AI tools are becoming more specialized

last30days-skill is not trying to do everything. It is specialized around one job: recent, grounded topic research. That focus is part of what makes it useful.


Strengths

  • Clear and understandable value proposition
  • Strong focus on fresh information
  • Broad source coverage
  • Useful for both trend discovery and prompt research
  • Includes a more advanced “open variant” for ongoing monitoring
  • Open-source and actively released, with the latest release shown as v2.9.0 on March 6, 2026

Caveats

A fair report should also mention the tradeoffs.

It is not instant

The README says deeper research can take 2–8 minutes, depending on how niche the topic is.

It depends on external services

Some sources require authentication or API keys, such as X cookies, ScrapeCreators, or optional web-search providers.

It is still operationally messy in places

The repository currently shows multiple open bug reports from March 2026, including Windows compatibility problems, timeout issues, date parsing issues, and a reported SQL injection risk in dynamic kwargs handling.
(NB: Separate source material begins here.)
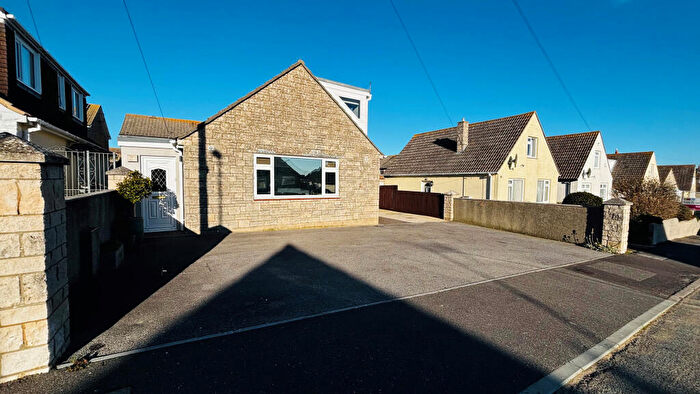 4 Bedroom Chalet For Sale In Westcliff Road, Portland, DT5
It is best for “what is happening now”

This is a strength, but also a limitation. If someone wants timeless historical research, this project is not really aimed at that use case.


Practical Use Cases

1. Trend discovery

Find what people are actually discussing about an AI tool, product category, or cultural trend right now.

2. Prompt research

See what techniques are currently working for tools like ChatGPT, Claude, or image generation products.

3. Competitive monitoring

Track competitors, creators, or markets over time with watchlists and briefings.

4. Content planning

Writers, marketers, and creators can use it to find what language, ideas, and examples are gaining traction.

5. Product research

See how a product is being discussed across social media, technical communities, and the web in a single workflow.


Why This Is Good News

The good news about last30days-skill is not just that it is popular on GitHub. The more interesting story is that it solves a real problem in a practical way.
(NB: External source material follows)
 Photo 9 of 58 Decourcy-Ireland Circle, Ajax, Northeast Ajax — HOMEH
A lot of people do not need more AI that sounds polished. They need AI that is:

  • more current
  • more grounded
  • more connected to real conversation
  • more transparent about where its information comes from

This project is a good example of that direction.


Conclusion

last30days-skill is a strong example of where AI-assisted research is heading.

For people interested in IT, the project is valuable because it shows that the next generation of AI tools will not just answer questions from a model alone. They will combine:

  • recency
  • social signals
  • web research
  • synthesis
  • reusable outputs

In simple terms, this project tries to answer the internet’s messiest question in a smarter way:

What actually matters right now?

That is a useful idea, and it is exactly why last30days-skill is worth paying attention to.